Tom is the London-born motorbiker behind independent travel blog Vietnam Coracle. Having visited all of the country’s 58 provinces and five municipalities, he’s amassed a huge database of guides to travelling Vietnam, and he’s still not done. Word got his views on motorbike machismo, sustainable tourism and where to find the best food.
You first visited Vietnam as a teenager in 1999. What do you remember about that trip?
Bicycles! In 1999, this was my first impression of Vietnam, while riding in a taxi from Tan Son Nhat Airport to the city centre. There were thousands of them: not motorbikes, not cars; bicycles.
Where have you lived in Vietnam?
I’ve paid rent in Saigon ever since I arrived, 10 years ago. I’m certainly not nomadic — I’ve always had a solid base; family, friends and a place to call ‘home’ — but I am a restless traveller, always thinking about my next trip.
I was a bit shocked to discover that you drive a Yamaha Nuovo, which I always consider a bike for the city more than rural adventures.
Ah yes, Stavros, my trusty motorbike. 150,000km over eight years, and I’ve rarely had any serious problems. It’s done everything I’ve asked of it; it’s smooth to ride; it rarely breaks down; and it has character, more so the older it gets.

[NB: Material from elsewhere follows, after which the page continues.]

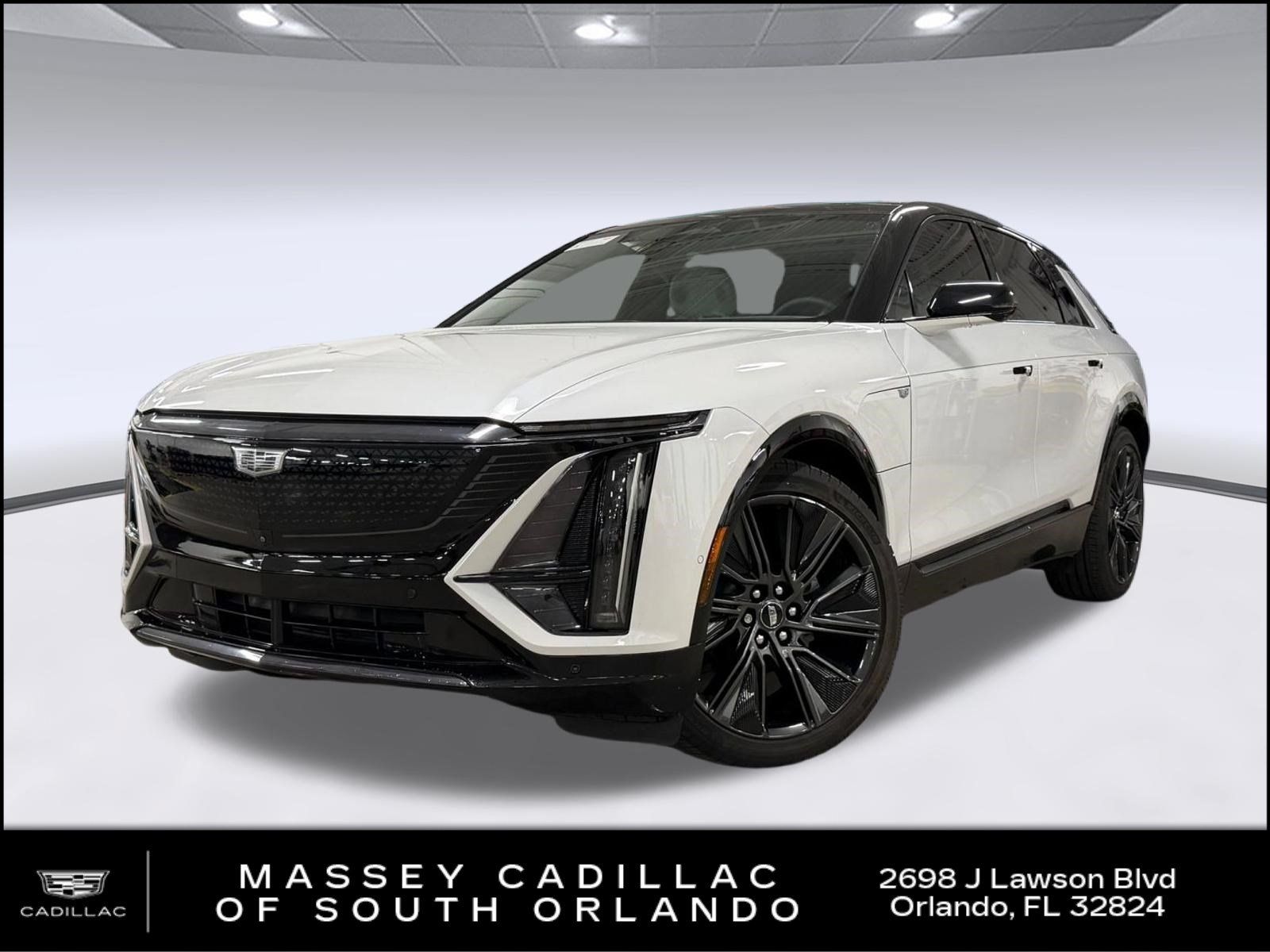 Certified 2024 Cadillac Lyriq Sport AWD/4WD image 1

You focus a lot on food in your guides. What have been your favorite food finds on the road?
The best food in Vietnam is nearly always found in the unlikeliest of places. The first time I ate hen, those little tiny clams in lemongrass and chilli, was in a corrugated iron shack, 30km inland from Vinh, not far from Ho Chi Minh’s birth place in Kim Lien.
Often, food tastes better precisely because of the unusual nature of the surroundings. I’m always suspicious of places that have clearly spent a lot of time and money on their decor and interior design: have they paid the same amount of attention to their food?
Tourism in Vietnam is rapidly developing. Which destinations have you seen change the most?
Phu Quoc stands out the most. When I first visited, there was only one paved road on the island. Now there are wide blades of tarmac leading in all directions. The southern end of Long Beach and Dai Beach, in the northwest of the island, were sublime spots, where you really were the only person on a long, golden stretch of sand. They are both subject to huge development projects now.
What do you think Vietnam needs to do to sustainably develop this industry?
I like the initiatives that work with local people to promote tourism. Mai Chau did this well; encouraging the White Thai people, who live in that pretty valley, to open their traditional homes and way of life to foreign tourists in the form of homestays.
Foreign travellers love this, because it fits their romantic idea of what rural Vietnam should be. But, increasingly, young, urban Vietnamese, pining for the countryside and nostalgic for a way of life that belonged to former generations, also love it.
Of course there are problems with this kind of tourism, too. These projects subsidise a traditional way of life that many rural people want to leave behind. But at least it works with local people, plays to their strengths by focusing on skills they already have, and they are the ones who benefit from it.
What has been the most rewarding thing about keeping your blog?
Now my travels have a purpose. Because of this, I am more engaged with Vietnam: its food, people, culture, history, landscape and language. And, because many of my guides focus of less trodden parts of Vietnam, I like to think that Vietnam’s tourist buck is spread out a little more evenly.
Where are you headed on your next trip?
I just got back from a road trip to the western Mekong Delta, so now I’m in need of some mountains or coast. On some trips, I have a clear idea of where I’m going and what I’m going to write about; other times, I take it as it comes and see where it leads me. I have more ideas than I have time for, and I’m certainly not worried that I’ll run out of things to do and places to see in Vietnam, ever.